WHAT THE TASK ASKS - Extract each line from the entries below that has the string "students" in it.

Saved data entries:
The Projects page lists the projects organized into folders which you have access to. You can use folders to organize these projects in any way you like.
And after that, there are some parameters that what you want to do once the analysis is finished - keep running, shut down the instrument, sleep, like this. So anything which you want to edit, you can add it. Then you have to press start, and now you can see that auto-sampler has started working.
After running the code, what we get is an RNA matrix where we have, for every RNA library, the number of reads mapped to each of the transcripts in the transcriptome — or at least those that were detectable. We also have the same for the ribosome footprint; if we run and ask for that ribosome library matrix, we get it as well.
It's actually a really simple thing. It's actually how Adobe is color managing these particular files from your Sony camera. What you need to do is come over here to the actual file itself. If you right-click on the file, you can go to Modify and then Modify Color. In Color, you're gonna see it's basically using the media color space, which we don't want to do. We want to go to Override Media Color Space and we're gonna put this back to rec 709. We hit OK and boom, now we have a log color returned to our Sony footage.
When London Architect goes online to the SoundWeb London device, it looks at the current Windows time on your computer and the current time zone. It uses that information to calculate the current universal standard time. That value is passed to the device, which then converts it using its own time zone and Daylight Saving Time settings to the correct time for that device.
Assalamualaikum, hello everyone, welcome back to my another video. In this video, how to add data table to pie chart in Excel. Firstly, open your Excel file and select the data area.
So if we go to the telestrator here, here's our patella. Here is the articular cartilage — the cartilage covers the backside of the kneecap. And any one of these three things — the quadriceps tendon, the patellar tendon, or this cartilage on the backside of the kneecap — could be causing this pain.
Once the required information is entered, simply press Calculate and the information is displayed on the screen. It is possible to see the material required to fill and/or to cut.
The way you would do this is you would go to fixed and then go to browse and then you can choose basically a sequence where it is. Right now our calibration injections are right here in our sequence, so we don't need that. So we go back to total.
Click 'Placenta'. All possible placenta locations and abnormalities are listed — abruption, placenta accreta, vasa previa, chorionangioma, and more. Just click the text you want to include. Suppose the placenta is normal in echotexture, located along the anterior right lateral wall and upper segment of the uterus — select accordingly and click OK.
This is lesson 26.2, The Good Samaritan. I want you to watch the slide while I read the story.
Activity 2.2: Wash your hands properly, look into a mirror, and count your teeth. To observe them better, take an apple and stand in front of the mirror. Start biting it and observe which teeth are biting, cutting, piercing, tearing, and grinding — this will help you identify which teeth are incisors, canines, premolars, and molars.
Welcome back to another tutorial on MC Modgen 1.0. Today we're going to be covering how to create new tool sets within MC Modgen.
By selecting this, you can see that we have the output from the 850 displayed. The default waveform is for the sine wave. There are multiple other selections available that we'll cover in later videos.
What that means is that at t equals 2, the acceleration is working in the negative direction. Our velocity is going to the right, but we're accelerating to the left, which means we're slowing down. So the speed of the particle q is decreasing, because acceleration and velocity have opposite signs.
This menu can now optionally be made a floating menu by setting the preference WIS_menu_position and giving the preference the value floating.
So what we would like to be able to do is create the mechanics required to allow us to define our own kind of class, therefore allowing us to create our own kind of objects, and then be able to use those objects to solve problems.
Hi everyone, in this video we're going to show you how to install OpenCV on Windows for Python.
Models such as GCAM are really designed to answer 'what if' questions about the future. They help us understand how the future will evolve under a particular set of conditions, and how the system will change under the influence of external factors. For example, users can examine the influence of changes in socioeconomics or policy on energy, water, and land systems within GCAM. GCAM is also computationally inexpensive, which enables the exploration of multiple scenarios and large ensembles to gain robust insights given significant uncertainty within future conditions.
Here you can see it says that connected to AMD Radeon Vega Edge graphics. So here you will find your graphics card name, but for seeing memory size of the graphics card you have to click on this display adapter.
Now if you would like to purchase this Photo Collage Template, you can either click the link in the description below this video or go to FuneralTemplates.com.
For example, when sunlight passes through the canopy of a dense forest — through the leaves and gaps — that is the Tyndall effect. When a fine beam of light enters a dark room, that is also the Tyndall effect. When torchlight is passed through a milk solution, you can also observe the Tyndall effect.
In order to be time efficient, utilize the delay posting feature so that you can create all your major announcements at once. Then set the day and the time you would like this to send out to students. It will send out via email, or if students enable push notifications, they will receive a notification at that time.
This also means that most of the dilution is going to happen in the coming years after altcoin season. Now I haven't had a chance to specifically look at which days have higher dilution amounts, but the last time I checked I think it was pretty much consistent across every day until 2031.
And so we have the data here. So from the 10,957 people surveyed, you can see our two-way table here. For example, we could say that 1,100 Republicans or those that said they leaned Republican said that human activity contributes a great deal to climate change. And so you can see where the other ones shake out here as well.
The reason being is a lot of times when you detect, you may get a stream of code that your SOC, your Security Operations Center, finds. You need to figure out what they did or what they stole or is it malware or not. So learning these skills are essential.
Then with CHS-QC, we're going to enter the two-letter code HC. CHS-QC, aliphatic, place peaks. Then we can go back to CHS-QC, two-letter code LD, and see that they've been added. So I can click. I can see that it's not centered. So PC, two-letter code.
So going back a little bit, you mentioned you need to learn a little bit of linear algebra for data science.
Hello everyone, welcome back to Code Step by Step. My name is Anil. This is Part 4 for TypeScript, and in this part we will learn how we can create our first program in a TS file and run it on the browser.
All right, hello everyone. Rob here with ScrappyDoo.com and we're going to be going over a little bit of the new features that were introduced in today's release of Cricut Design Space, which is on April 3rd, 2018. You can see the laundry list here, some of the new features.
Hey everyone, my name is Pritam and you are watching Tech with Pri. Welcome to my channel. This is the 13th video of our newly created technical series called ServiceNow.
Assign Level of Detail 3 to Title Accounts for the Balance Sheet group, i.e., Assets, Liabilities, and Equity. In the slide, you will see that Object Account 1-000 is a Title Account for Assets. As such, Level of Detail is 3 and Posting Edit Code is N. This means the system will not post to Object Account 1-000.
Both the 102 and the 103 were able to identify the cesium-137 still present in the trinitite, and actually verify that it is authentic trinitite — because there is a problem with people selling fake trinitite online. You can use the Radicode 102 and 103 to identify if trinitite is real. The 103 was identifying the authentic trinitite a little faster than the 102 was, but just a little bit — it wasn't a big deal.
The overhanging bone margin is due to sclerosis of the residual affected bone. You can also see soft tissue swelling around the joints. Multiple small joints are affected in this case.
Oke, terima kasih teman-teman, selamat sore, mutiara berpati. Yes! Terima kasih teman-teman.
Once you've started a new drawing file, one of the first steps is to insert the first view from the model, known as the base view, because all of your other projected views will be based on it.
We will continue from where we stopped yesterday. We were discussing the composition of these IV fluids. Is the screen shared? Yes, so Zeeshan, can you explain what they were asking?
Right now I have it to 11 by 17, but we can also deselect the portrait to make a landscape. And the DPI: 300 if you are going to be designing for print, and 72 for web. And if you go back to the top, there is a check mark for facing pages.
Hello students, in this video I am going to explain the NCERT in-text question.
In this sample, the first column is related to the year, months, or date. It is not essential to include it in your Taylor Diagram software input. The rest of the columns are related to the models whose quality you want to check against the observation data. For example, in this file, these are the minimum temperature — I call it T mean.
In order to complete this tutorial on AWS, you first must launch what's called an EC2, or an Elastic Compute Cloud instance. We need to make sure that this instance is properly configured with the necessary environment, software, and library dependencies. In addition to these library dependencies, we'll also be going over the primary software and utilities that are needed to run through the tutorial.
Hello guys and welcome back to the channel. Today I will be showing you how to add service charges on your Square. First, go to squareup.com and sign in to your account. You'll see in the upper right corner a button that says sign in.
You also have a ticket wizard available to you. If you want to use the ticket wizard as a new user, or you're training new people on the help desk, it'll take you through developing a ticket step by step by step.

EXERCISE OUTPUT -
In order to be time efficient, utilize the delay posting feature so that you can create all your major announcements at once. Then set the day and the time you would like this to send out to students. It will send out via email, or if students enable push notifications, they will receive a notification at that time.
Hello students, in this video I am going to explain the NCERT in-text question.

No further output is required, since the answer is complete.